If I have a child with trisomy 20p, what are the chances that my next child will have it?
The risk of having another child with trisomy 20p depends on the chromosomes of the parents. Most of the time, parents of children with trisomy 20p have a change in the location of their chromosome 20p. This change is usually a translocation or inversion. In a translocation, part of a chromosome attaches to another chromosome and ends up in an unexpected location. In an inversion, a section of a chromosome switches positions, or flips around. Translocations and inversions make it more likely that future children will have the same condition. However, if there is no genetic change in the parents, the chances are much lower that another child will have trisomy 20p. Be sure to check with your healthcare team to talk about your risk. Genetic counselors can be found using the “Find a Genetic Counselor” tool on the National Society of Genetic Counselors’ website.
- “Find a Genetic Counselor” tool on the National Society of Genetic Counselors’ website
- Genetic Alliance: Chromosome Translocations
- Leeds Teaching Hospitals. Information for Parents: Chromosome Translocations
How are congenital heart defects treated in babies with trisomy 20p?
A congenital heart defect is a heart problem that is present at birth. If a child with trisomy 20p has a congenital heart defect, it may or may not require surgery. Sometimes only one procedure is needed. Other times, several surgeries and medication may be necessary. Treatment depends on the specific heart defect.
Will my child with trisomy 20p attend school?
Children with trisomy 20p can attend school. They may be in special classes that can tailor to their individual needs and intellectual ability. In these classes, children with trisomy 20p can be successful.
How common is trisomy 20p?
As of 2012, there have been 40 people known to have this disorder. This makes it extremely rare.
My doctor says that my child’s trisomy 20p was caused by an inversion. What is that?

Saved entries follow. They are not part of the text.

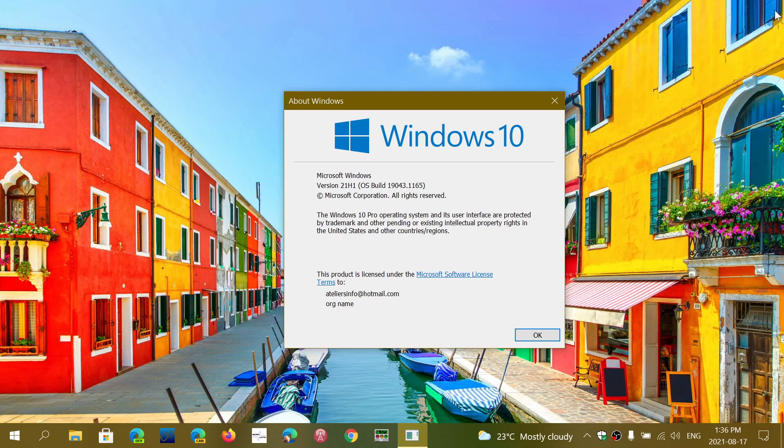But personally, I think anybody that's not on 21H1 and sees that it's available in the Windows update should move on to 21H1. You'll be okay and be set for quite a while, as it's such a small cumulative update and doesn't really do much or doesn't add much to the operating system itself.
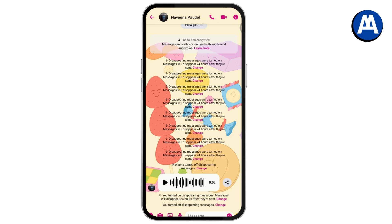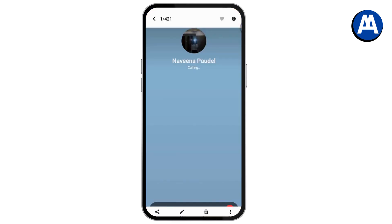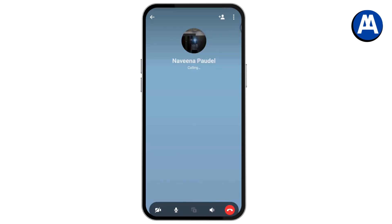From the chat, make sure that you've started a video call or an audio call. Go with the call, and once you've started the call, on the bottom middle of your screen you will have the share screen option.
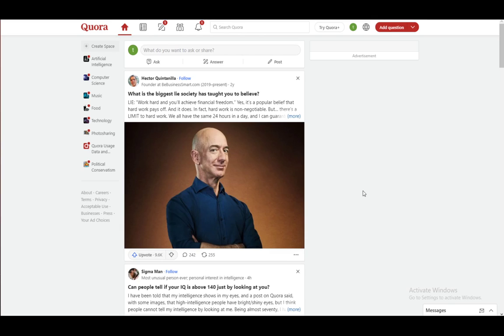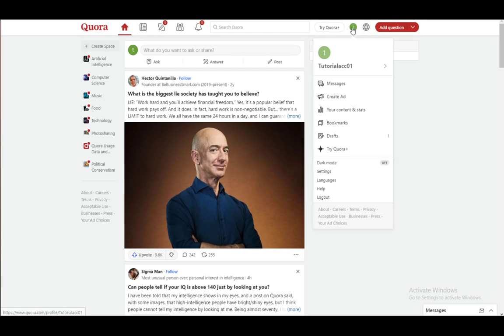Now the main purpose of Quora is to ask questions or answer questions of other people. However, it does have within itself a messaging app or messaging service quite like any social media site actually does. And let me show you what that looks like right now.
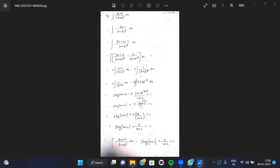Therefore, the final result is 3 log(x+2) plus 5 by (x+2) plus c. The integration of (3x+1) by (x+2)² dx equals 3 log(x+2) plus 5 by (x+2) plus c.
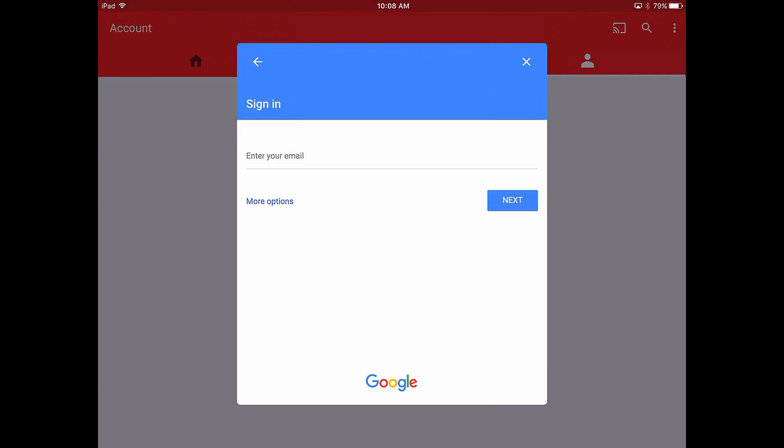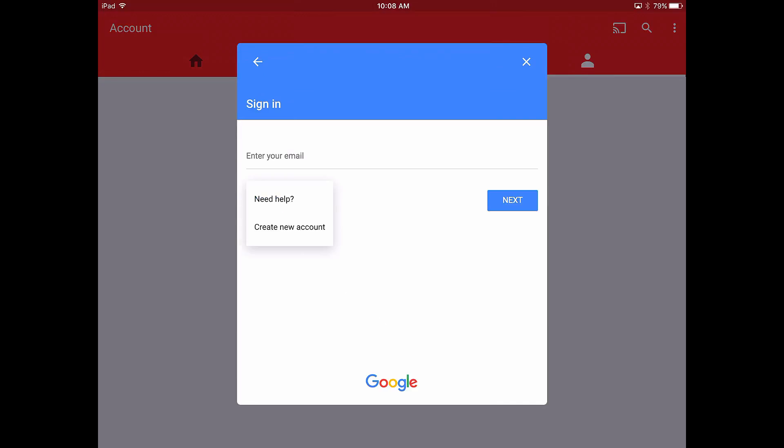If you don't have an account, then tap the more options button here. This gives you the option to create an account.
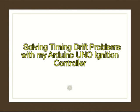Timing drift with RPM changes with my UNO ignition controller has been a huge problem. No matter what I did for the longest time, I could not keep the system from losing about 8 degrees between about 300 and 3000 RPMs. I have finally solved the problem and that's what this update is about.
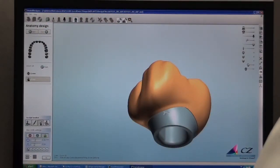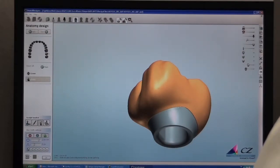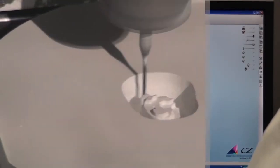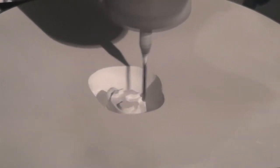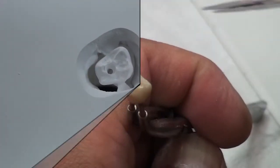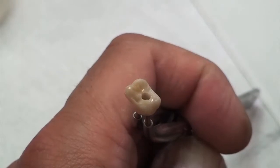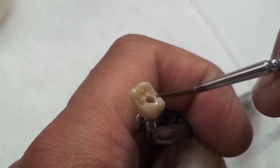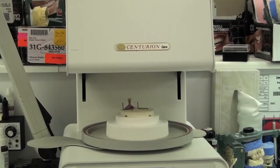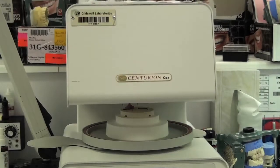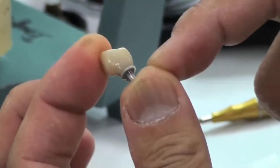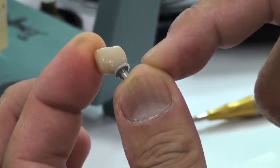In this case, we requested screw-retained Bruxer crowns. The crown and the abutment will be milled as one unit. Once the design is complete, it is sent over to a milling center. Here you see the restoration being milled from a solid block of zirconia. A base shade is added, and the prosthesis is sintered once milling is complete. Any final staining is then applied. The titanium base is luted into place, and the restoration is finished.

An inversion is a change that can happen in the chromosomes. An inversion happens when a section of a chromosome switches locations, or flips. If the chromosomes are compared to books, then an inversion would be like a chapter in the book that is written backwards.

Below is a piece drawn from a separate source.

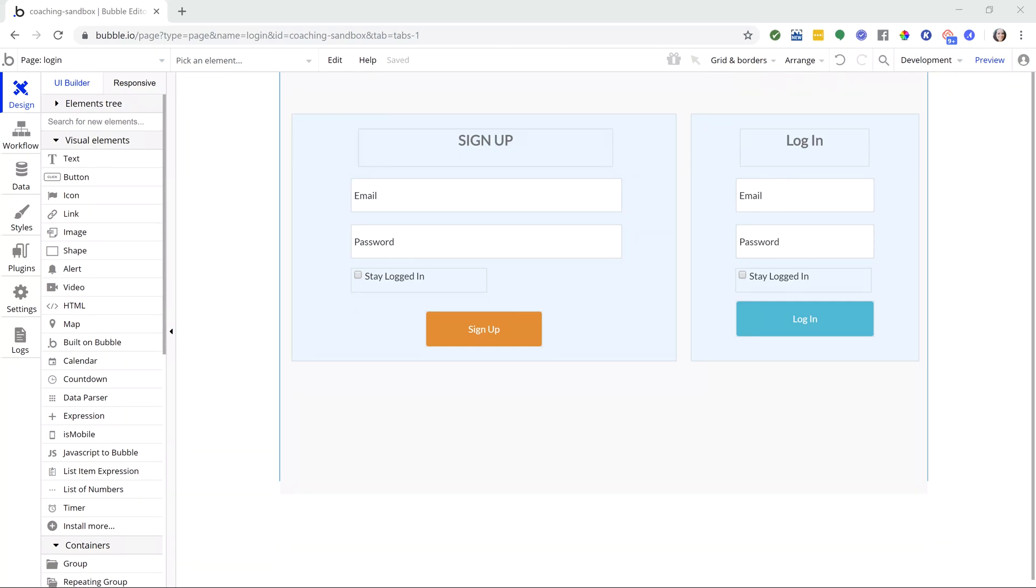Today you're going to learn how to search your application so that you can find anything you're looking for, whether it's a field that's being used, a specific workflow action, or a style. This is going to help you troubleshoot your application more effectively and develop a lot faster.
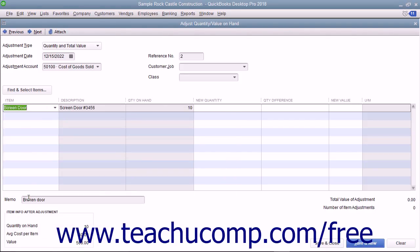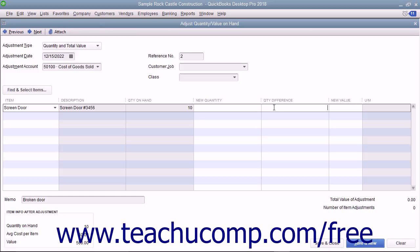If making a quantity adjustment, either type in the New Quantity or the Quantity Difference into the respective column. If you enter a loss of items into the Quantity Difference column, be sure to enter the difference as a negative number. If entering a total value adjustment, enter the new total value into the New Value column.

My doctor says that my child’s trisomy 20p was caused by a translocation. What is that?
A translocation is a change that can happen in the chromosomes. One part of a chromosome attaches to another chromosome where it does not normally belong. If the chromosomes are compared to books, then a translocation would be like pages of one book being placed into another book. Because the chromosome 20p information is in an unusual place, it is more likely that a child will inherit an extra copy. Speak with a genetic counselor to find out how this happens. A genetic counselor can also talk to you about the chance that this could happen in a future pregnancy. Genetic counselors can be found using the “Find a Genetic Counselor” tool on the National Society of Genetic Counselors’ website.
If a parent has a translocation or inversion that makes it more likely that they will have a child with trisomy 20p, how can they reduce their likelihood of having a child with the disorder?

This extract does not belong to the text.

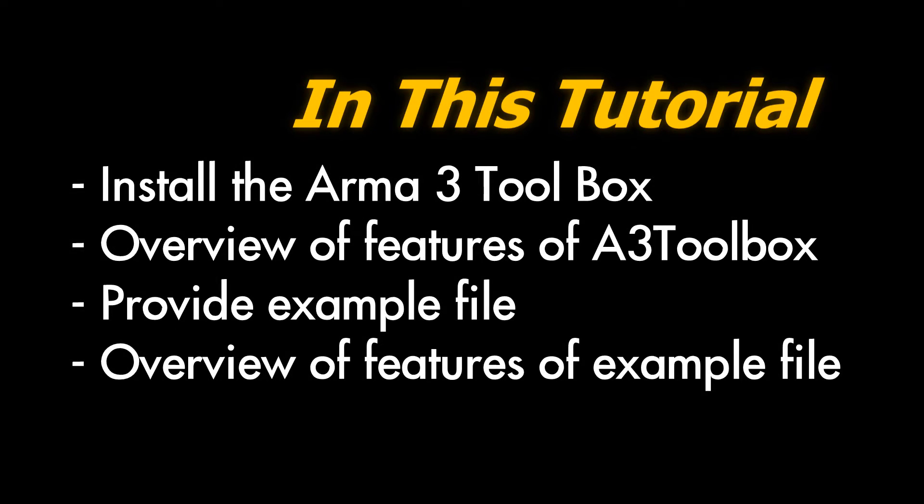In this tutorial, I'll explain how to install the ARMA toolbox, an overview of the features of the ARMA toolbox, provide you with the example file that I'll be using for my other tutorial videos, and an overview of the features that this example file has.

In order to lower the chance of having a child with trisomy 20p, parents can choose in vitro fertilization (IVF) with preimplantation genetic diagnosis (PGD). This involves taking an egg from the mother and fertilizing it with sperm from the father. Either the egg or the developing embryo (the combined egg and sperm) can be tested for the genetic change that the parent has. An embryo without the same change can then be implanted into the mother. If you are interested in this option, consult your doctor or a fertility clinic in your area. You can also speak with a genetic counselor who specializes in assisted reproductive technology. Genetic counselors can be found using the “Find a Genetic Counselor” tool on the National Society of Genetic Counselors’ website.